"I am convinced that those societies (as the Indians) which live without government enjoy in their general mass an infinitely greater degree of happiness than those who live under the European governments. Among the former, public opinion is in the place of law, & restrains morals as powerfully as laws ever did anywhere. Among the latter, under pretence of governing they have divided their nations into two classes, wolves & sheep. I do not exaggerate. This is a true picture of Europe. Cherish therefore the spirit of our people, and keep alive their attention. ... If once they become inattentive to the public affairs, you & I, & Congress & Assemblies, judges & governors shall all become wolves. It seems to be the law of our general nature, in spite of individual exceptions; and experience declares that man is the only animal which devours his own kind, for I can apply no milder term to the governments of Europe, and to the general prey of the rich on the poor. " -- Thomas Jefferson, Letter to Edward Carrington - January 16, 1787
"The idea that parties are guided by policy decisions made by voters also seems to be a myth; in reality, the parties make the policies and we fall into line. To minimise cognitive dissonance – the gulf between what we perceive and what we believe – we either adjust our views to those of our favoured party or avoid discovering what the party really stands for.

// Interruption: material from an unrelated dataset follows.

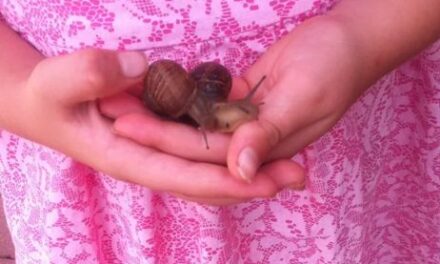 SEASON OF CREATION.   ECO-FRIENDLY FAMILIES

This is how people end up voting against their interests.
Even the less ambitious notion of democracy – that it’s a means by which people punish or reward governments – turns out to be divorced from reality. We remember only the past few months of a government’s performance (a bias known as 'duration neglect') and are hopeless at correctly attributing blame." -- George Monbiot, "Lies, fearmongering and fables: that's our democracy", The Guardian, Oct. 4, 2016.